▶ Work item: Transcribe exactly the lines from the one holding "Nicole Krauss Quotes: I'm" through the closing line of the entries below. Pictures stay out of the copy.

▶ Brief descriptive captions:

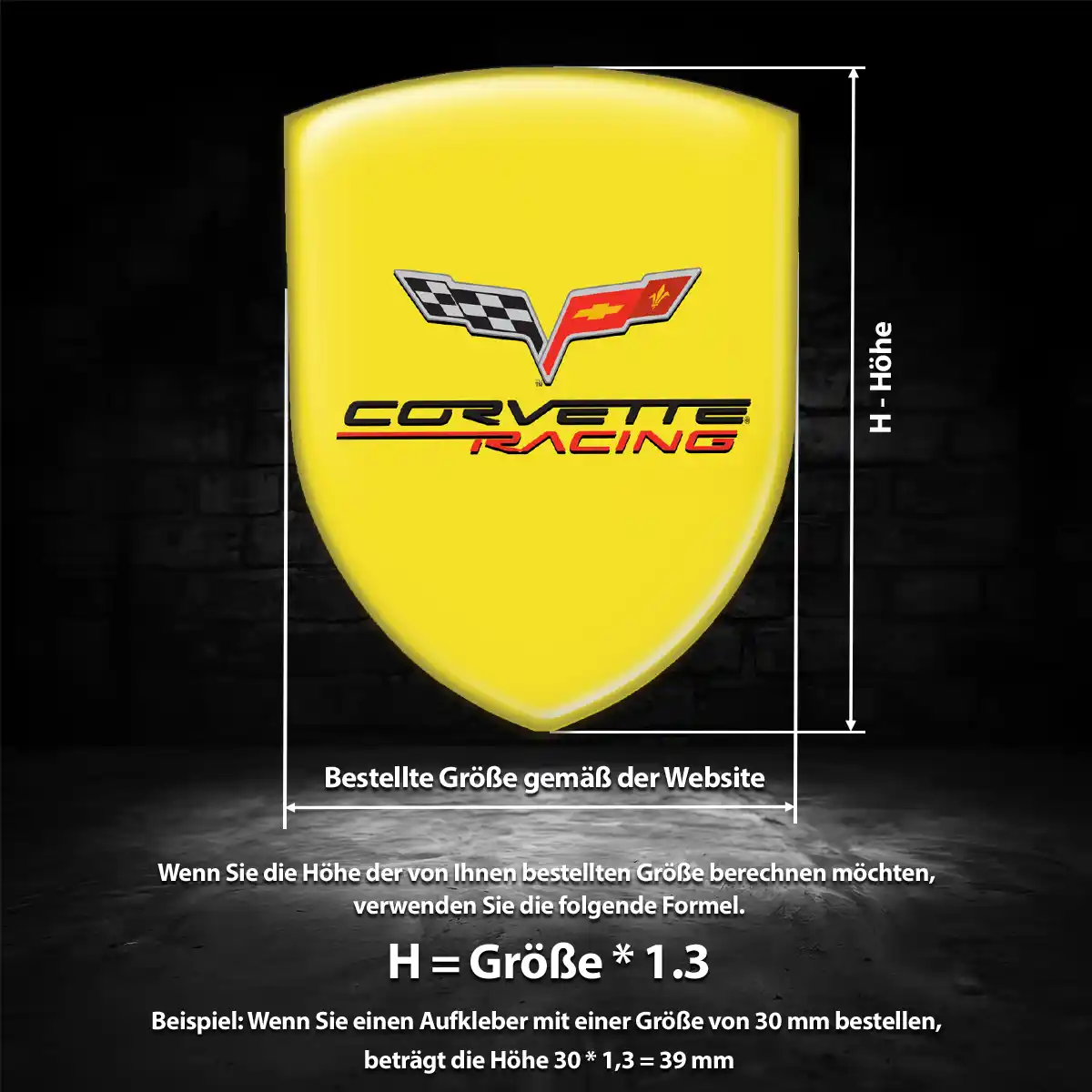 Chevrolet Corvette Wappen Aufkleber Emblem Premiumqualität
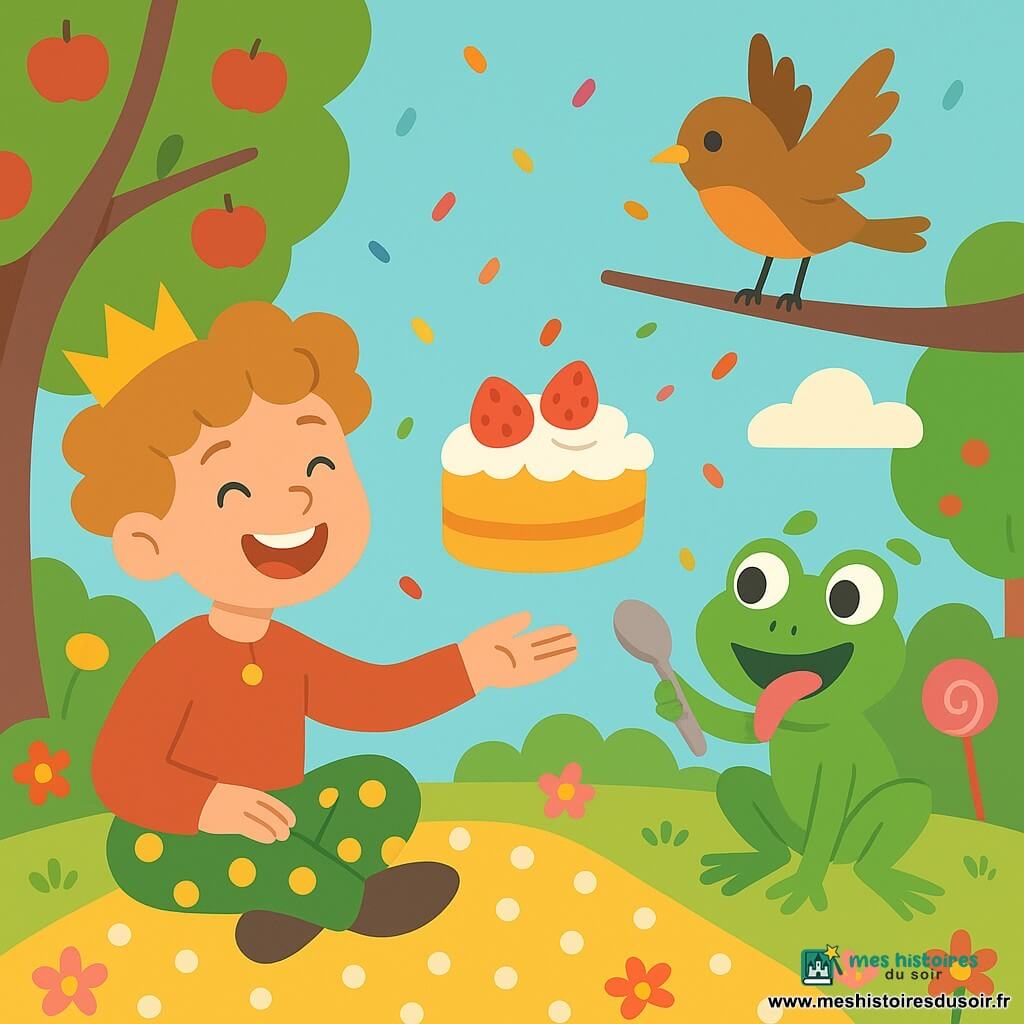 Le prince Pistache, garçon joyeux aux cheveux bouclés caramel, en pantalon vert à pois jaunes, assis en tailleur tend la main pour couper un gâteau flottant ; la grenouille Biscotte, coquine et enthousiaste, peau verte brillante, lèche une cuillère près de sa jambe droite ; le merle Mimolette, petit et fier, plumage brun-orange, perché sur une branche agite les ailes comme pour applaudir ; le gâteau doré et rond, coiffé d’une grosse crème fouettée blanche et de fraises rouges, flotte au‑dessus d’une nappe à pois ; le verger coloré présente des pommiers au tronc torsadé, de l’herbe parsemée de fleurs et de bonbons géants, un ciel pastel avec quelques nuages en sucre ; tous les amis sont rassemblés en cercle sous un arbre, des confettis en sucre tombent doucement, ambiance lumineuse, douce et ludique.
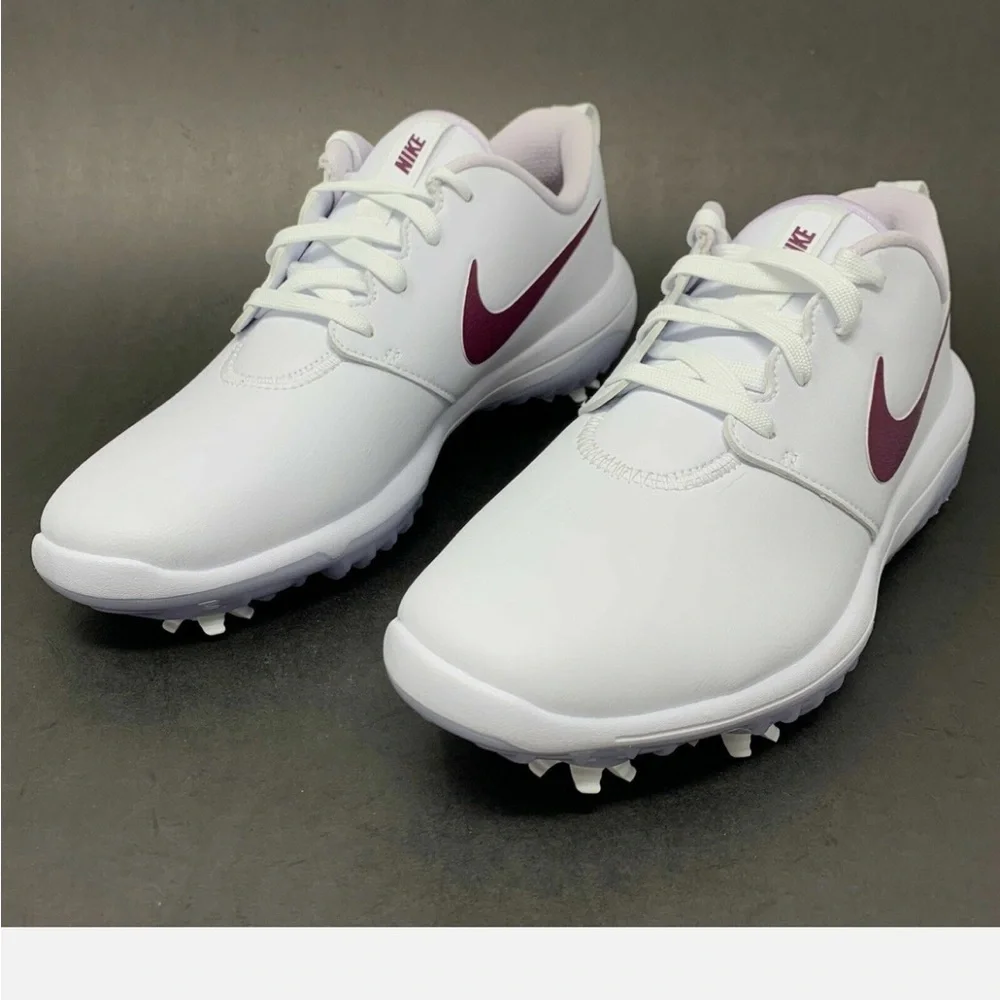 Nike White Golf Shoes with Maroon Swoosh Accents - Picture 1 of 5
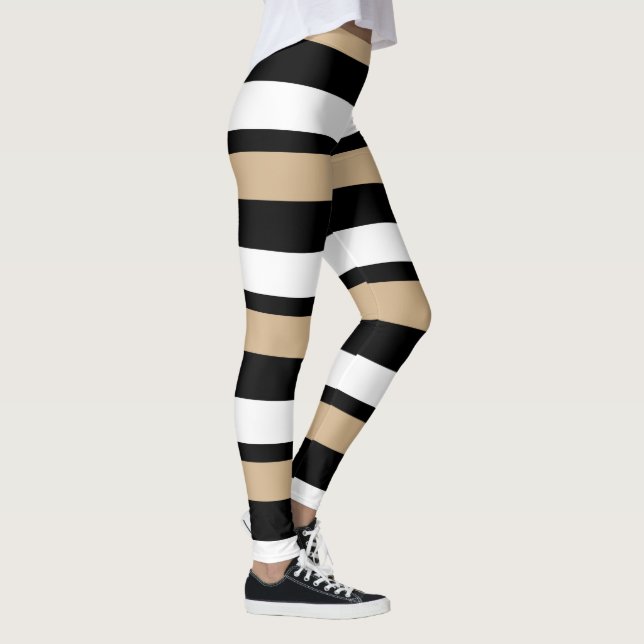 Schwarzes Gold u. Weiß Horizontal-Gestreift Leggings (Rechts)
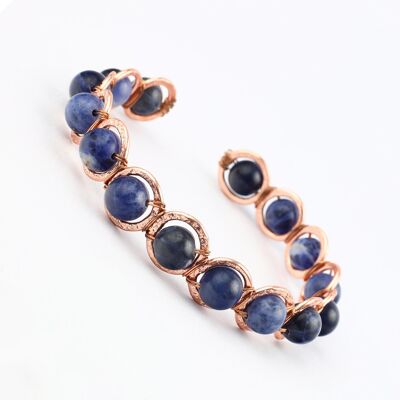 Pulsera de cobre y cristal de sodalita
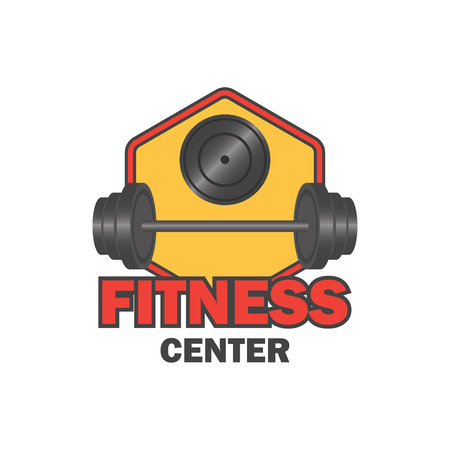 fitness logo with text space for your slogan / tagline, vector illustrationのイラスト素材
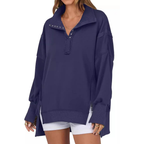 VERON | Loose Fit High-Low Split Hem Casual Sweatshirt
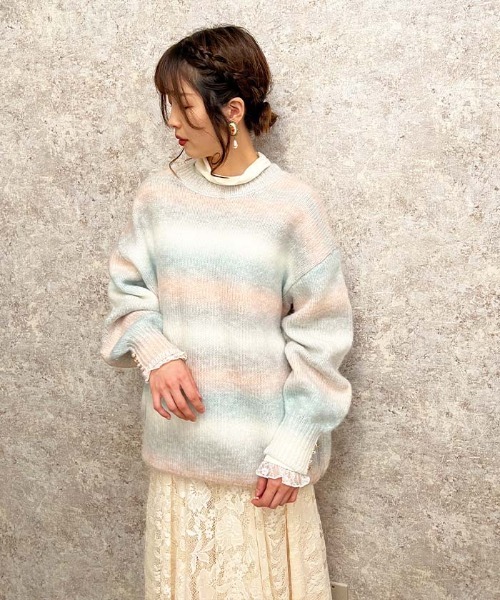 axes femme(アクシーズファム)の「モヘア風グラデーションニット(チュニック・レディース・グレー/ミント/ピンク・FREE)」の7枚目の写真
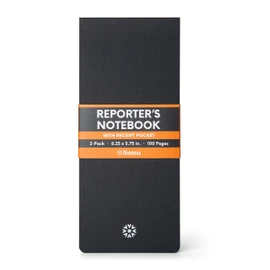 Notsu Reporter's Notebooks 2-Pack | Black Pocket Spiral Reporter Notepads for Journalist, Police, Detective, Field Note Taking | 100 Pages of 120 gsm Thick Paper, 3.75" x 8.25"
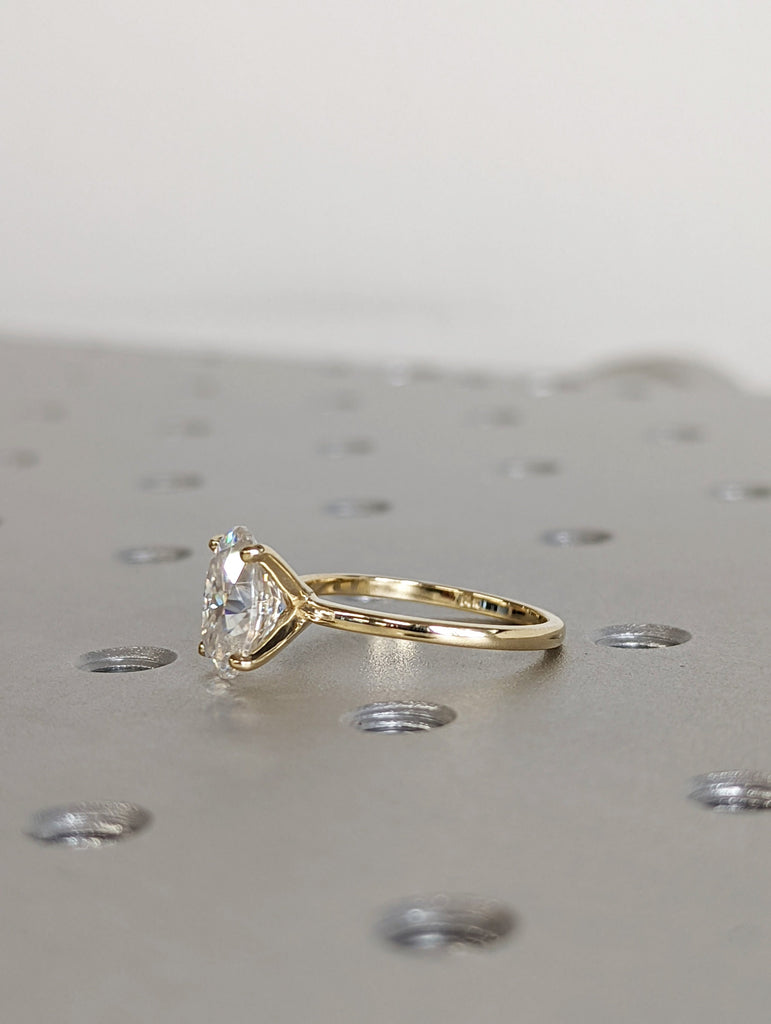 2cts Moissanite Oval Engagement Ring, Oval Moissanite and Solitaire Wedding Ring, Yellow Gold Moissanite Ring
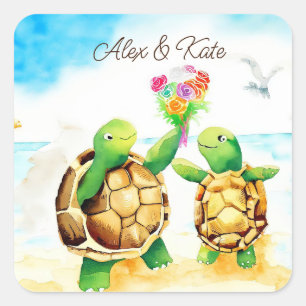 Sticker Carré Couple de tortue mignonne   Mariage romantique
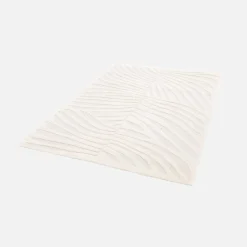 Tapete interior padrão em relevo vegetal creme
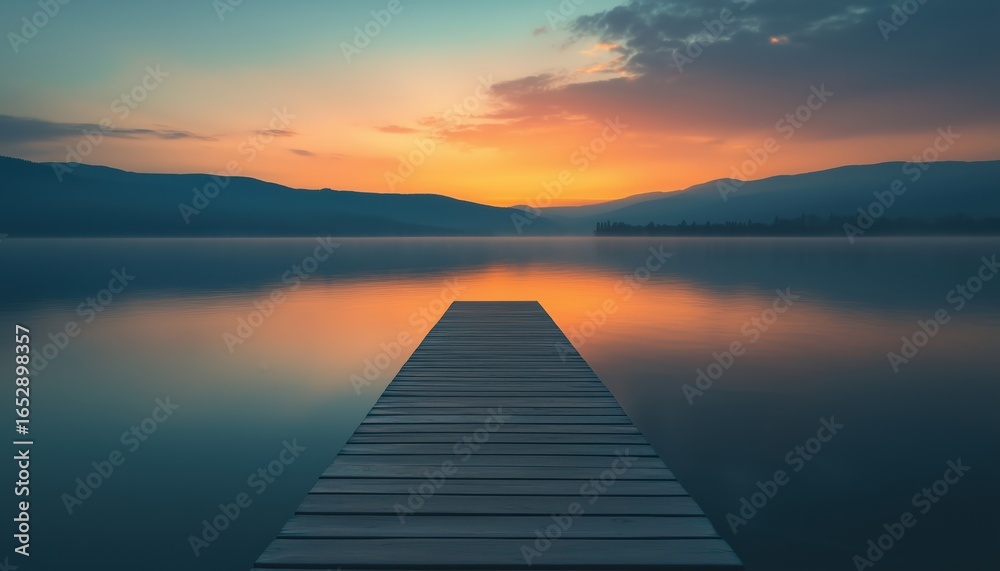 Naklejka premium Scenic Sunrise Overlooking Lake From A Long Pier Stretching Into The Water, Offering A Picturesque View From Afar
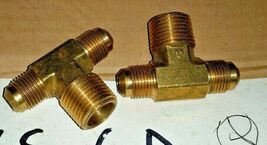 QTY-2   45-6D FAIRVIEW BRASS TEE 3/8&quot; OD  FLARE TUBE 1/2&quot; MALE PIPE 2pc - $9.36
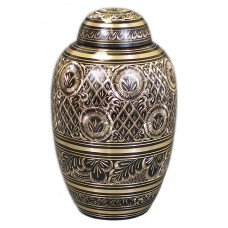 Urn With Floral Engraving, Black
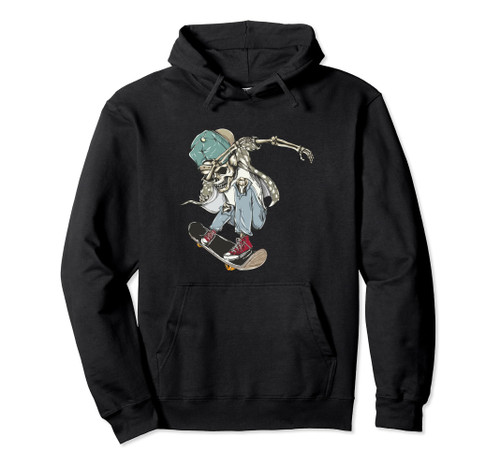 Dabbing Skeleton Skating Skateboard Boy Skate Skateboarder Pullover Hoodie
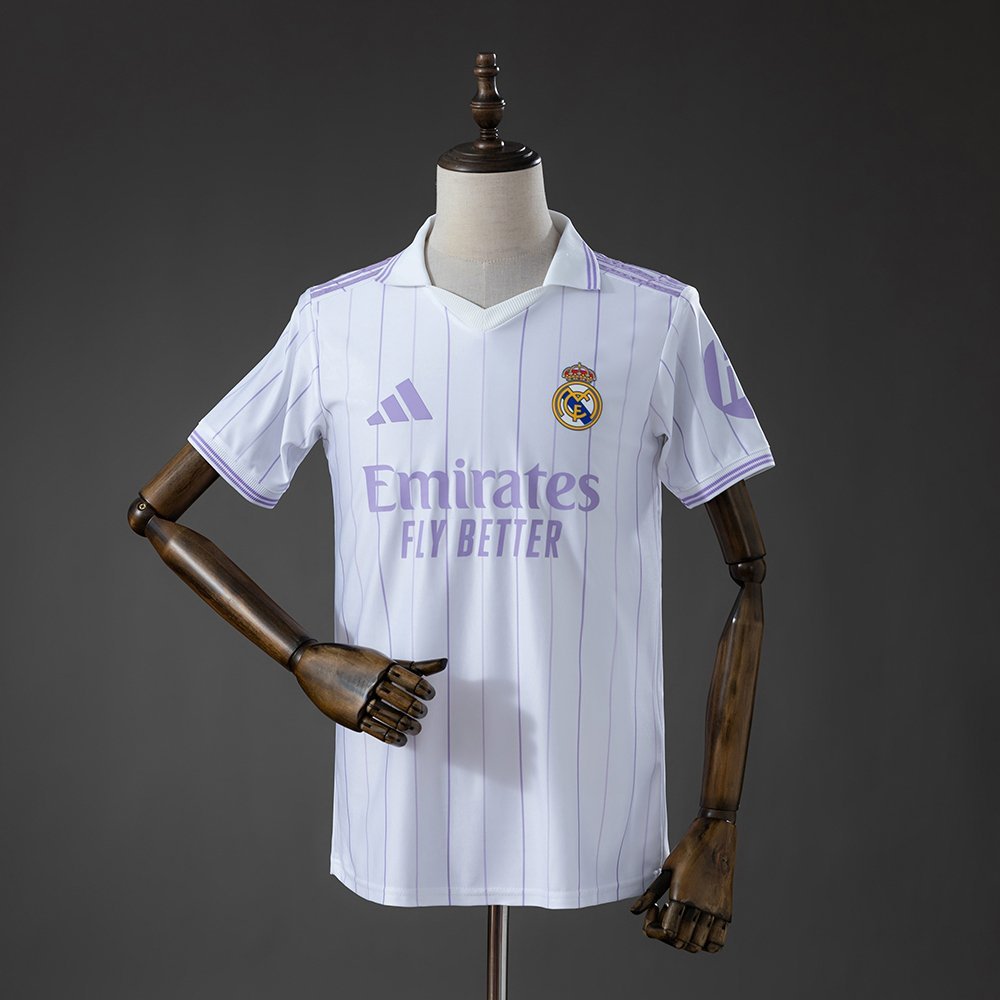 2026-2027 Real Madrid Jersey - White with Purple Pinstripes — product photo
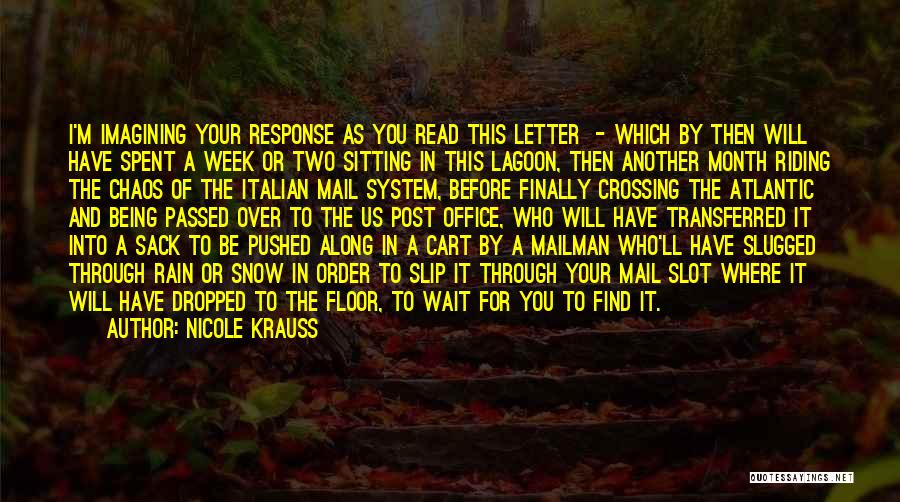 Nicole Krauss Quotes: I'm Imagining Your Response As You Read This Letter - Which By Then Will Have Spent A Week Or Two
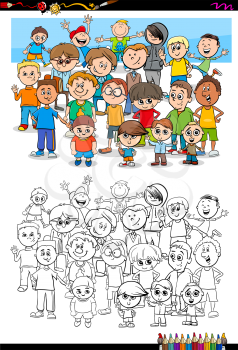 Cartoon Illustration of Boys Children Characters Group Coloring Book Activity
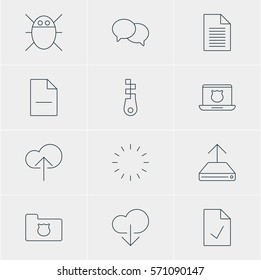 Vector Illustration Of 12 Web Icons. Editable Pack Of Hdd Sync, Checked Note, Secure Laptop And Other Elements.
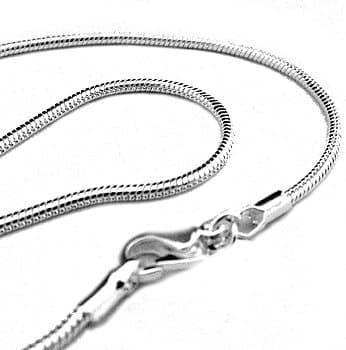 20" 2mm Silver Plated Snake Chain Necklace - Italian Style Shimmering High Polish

▶ Completed exercise:
 Nicole Krauss Quotes: I'm Imagining Your Response As You Read This Letter - Which By Then Will Have Spent A Week Or Two
 Cartoon Illustration of Boys Children Characters Group Coloring Book Activity
 Vector Illustration Of 12 Web Icons. Editable Pack Of Hdd Sync, Checked Note, Secure Laptop And Other Elements.
 20" 2mm Silver Plated Snake Chain Necklace - Italian Style Shimmering High Polish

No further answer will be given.